Iowa map with images of farm management field specialists and their areas
ISU Extension and Outreach Farm Management Specialists provide expertise regarding crop insurance and adverse events.

Losses due to adverse weather conditions such as hail, frost, freeze, wind, drought, and excess moisture are insurable losses under multiple peril crop insurance.

In 2020, some Iowa farmers, especially in Western Iowa, are suffering the extremes of drought. Losses due to drought are an insurable loss under multiple peril crop insurance. Due to drought conditions, crop insurance claims are expected to be large for losses resulting from both corn and soybean yield declines in addition to a drop in the harvest prices used to calculate indemnity payments.

Another dynamic added to the mix is yield loss due to chemical drift, which is not a covered loss under multiple peril crop insurance.

Question: How many of Iowa’s corn and soybean acres are covered by crop insurance?

Iowa farmers planted 23.4 million acres of corn and soybeans in 2020. Approximately 90% of those acres have been insured using Revenue Protection (RP) multiple peril crop insurance. These insurance policies can guarantee various levels of a percentage of the farm’s average yield times the higher of the projected price (average futures price in the month of February) or the harvest price (average futures price during the month of October), using the November 2020 futures contract for soybeans and the December 2020 futures contract for corn. Most farm operators carry a guarantee of their APH from 65% to 85% level of coverage. The projected prices (futures average prices in February 2020) were $3.88/bu for corn and $9.17/bu for soybeans, respectively.

Hail damaged Iowa field
Hail damaged field, photo courtesy of Duane Johnson

Question: What should an insured farmer do once a crop loss is recognized?

  1. Notify the insurance agent within 72 hours of the discovery of damage, but not later than 15 days after the end of the insurance period. A notice of loss can be made by phone, in writing or in person.

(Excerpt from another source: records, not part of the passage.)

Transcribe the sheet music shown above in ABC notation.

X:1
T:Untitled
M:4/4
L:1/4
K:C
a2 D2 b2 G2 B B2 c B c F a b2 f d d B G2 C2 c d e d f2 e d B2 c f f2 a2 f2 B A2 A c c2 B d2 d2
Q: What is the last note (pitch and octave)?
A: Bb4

Although drought loss is not immediate, farmers should contact their agent as soon as they feel a loss is present.
  2. Continue to care for the crop using good farming practices and protect it from further damage, if possible.
  3. Get permission from the insurance company, also referred to as your Approved Insurance Provider (AIP), before destroying or putting any crop to an alternative use.

Question: Who will appraise the crops and assess the loss?

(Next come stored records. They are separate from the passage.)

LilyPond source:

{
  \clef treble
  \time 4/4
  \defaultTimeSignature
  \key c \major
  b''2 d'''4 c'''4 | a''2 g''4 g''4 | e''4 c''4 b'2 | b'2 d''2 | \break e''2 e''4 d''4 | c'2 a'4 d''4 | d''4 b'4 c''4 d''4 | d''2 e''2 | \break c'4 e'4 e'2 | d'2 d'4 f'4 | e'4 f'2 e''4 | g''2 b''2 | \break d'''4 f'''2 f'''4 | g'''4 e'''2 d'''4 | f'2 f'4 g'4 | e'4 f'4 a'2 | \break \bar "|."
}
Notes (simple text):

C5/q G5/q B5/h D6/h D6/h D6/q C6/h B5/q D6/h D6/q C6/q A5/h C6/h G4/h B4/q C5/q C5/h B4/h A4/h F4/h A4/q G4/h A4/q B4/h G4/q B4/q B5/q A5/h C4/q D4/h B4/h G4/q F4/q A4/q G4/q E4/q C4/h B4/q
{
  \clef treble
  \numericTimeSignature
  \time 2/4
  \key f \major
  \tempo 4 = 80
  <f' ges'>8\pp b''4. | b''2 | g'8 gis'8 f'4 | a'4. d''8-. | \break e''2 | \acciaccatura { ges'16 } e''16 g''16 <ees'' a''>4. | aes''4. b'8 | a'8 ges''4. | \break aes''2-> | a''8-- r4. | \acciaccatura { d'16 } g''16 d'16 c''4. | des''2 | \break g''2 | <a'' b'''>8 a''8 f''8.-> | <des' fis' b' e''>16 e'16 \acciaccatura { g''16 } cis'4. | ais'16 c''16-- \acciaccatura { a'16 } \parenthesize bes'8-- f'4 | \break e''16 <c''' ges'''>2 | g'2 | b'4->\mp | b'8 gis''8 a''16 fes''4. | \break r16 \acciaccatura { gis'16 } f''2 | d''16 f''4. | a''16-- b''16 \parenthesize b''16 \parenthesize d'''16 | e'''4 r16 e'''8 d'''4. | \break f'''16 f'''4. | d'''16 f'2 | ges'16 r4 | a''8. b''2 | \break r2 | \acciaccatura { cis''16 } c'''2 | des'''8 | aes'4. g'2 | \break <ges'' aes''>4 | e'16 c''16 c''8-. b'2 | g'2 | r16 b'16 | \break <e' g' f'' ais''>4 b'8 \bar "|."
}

The crop insurance company will assign a crop insurance adjuster to appraise the crop and assess the loss. The insured farmer must maintain the crop until the appraisal is complete. If the company cannot make an accurate appraisal, or the farmer disagrees with the appraisal, the company can have the farmer leave representative sample areas.
These representative sample areas of the crop are to be maintained – including normal spraying if economically justified – until the company conducts a final inspection. Failure to maintain the representative sample areas could result in a determination that the cause of loss is not covered. Therefore, no claims payment to the producer.

Once appraised the crop can be released by the company to be:

  1. Destroyed – through tillage, shredding, or chemical means; or
  2. Used as silage or feed.

Question: Once released, may I harvest my corn as silage for feed?

Check with your crop insurance company. In a county where corn can be insured as grain only, the corn will be released, or harvested as silage or sold as feed. Any grain will be counted as production for your claim. In a county where corn can be insured as silage, the harvested silage will be counted as production.

Question: What is the difference among insurance units?

Many farmers have chosen to insure their crops using enterprise units in order to pay less expensive insurance premiums. Under enterprise units, losses are calculated by crop by county. Therefore all the corn planted by a farmer in a given county would be added together to determine a loss. If a farmer has chosen optional units, then losses are calculated by crop by field unit. Premiums are typically higher if choosing optional units but a good yield on one field does not cancel out the loss on another field.

Question: When will farmers be receiving indemnity payments for their crop insurance losses?

Adjusters will be busy with the increase in losses in areas that have been impacted. As soon as you are finished harvesting notify your insurance agent and an adjuster will be assigned to you. Insurance companies cannot defer payments to the next tax year, but claims adjusted late in the year may not be paid out until the following year.

Question: What is the maximum price that the harvest time indemnity price (average October futures price) can reach?

The maximum harvest indemnity price values for 2020 are twice of the projected price; or $7.76/bushel for corn and $18.34/bushel for soybeans, respectively.

Question: Can indemnity payments be deferred for income tax purposes until 2021?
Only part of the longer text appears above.